UNICEF reported disruptions in health services since the global health crisis began last year, as well as a sharp drop in child immunizations linked to parental concerns.
This has left less than one in 10 children in Haiti completely illiterate and about six in 10 inadequately protected.
Of those who are not fully vaccinated, four in 10 live in mostly poor urban settings, characterized by a lack of access to essential services and violence.
Apprehension of hunger and storm season
The latest food insecurity data indicate that one in four Haitian is starving. UNICEF said that about 4.4 million people on the island are estimated to be food insecure today, including 1.9 million children, with access to nutritious food likely to worsen in the coming months in the coming hurricane season.
“Severe malnutrition can and must be treated now to save the lives of children in Haiti,” said Jean Goff, UNICEF’s regional director for Latin America and the Caribbean. “We cannot look the other way and ignore one of the least-funded humanitarian crises in the region.

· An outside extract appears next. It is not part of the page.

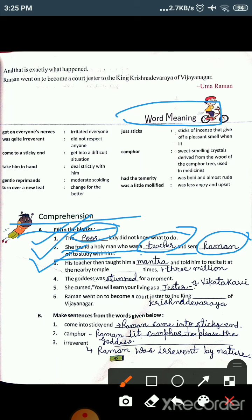The third fill-in-the-blank is: 'His teacher then taught him dash and told him to recite it at the nearby temple dash times.' Looking at the first sentence of page 48 — his teacher taught him a mantra, and told him to recite it at the nearby temple 3 million times. So in the third fill-up, the first blank is 'mantra' and the second blank is '3 million.'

Without additional, immediate funding in the next few weeks, we will be providing the life-saving treatment against malnutrition. If it is, it will be closed and some children will be in danger of dying.”
A call for support
In 2020, UNICEF, along with the government and partners, treated 33,372 severely malnourished children in Haiti by providing nutritional supplies and medicines. In June this year, the agency hopes to phase out ready-to-use therapeutic food (RUTF) to treat acute malnutrition due to insufficient funding.

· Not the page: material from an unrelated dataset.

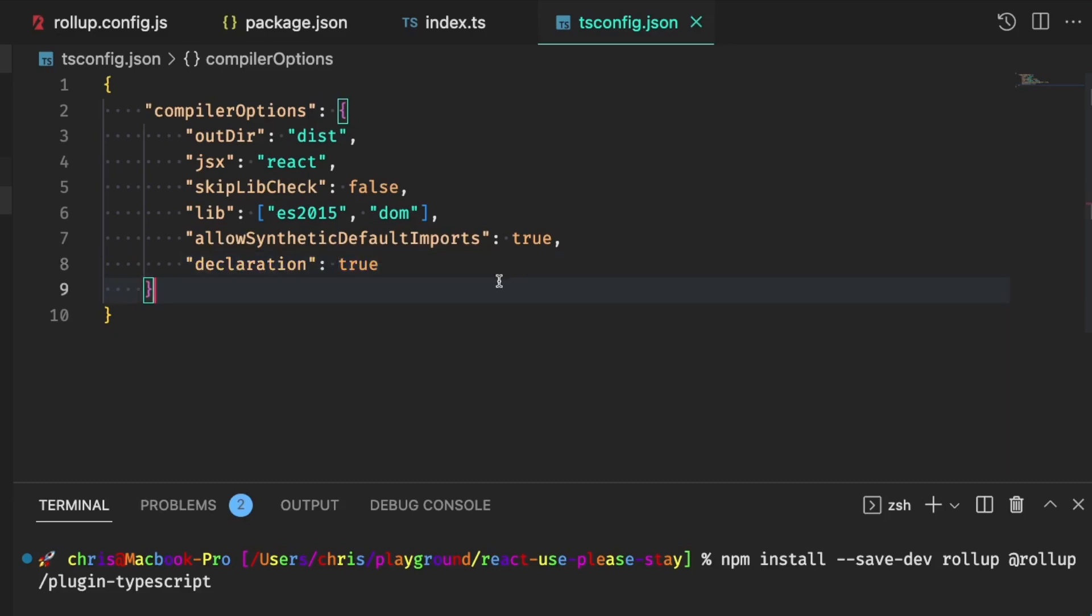And outside of the compiler options, we should also be sure to define and tell the TypeScript compiler which files we want to include, and those we wish to exclude during the build process.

The agency has requested $3 million to buy essential supplies and medicine and run preventive and treatment programs, warning that without these funds, thousands of Haitian children would no longer receive life-saving aid.

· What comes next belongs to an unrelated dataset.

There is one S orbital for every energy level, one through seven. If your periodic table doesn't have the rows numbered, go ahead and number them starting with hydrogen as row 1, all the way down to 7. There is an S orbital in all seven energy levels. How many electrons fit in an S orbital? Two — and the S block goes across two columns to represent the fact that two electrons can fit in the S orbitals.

“In a precarious environment like Haiti, the lives of every child we save today may be in danger again tomorrow. Unless we move beyond justice treatment malnutrition prevent Before it strikes, “Gough said.” Increasing family healthcare at the community level will increase confidence in routine immunization and help every household access nutritional services every day. “
For 2021, UNICEF needs $ 48.9 million to meet the humanitarian needs of 1.5 million people in Haiti, which includes more than 700,000 children. To date, the appeal has been almost entirely meager.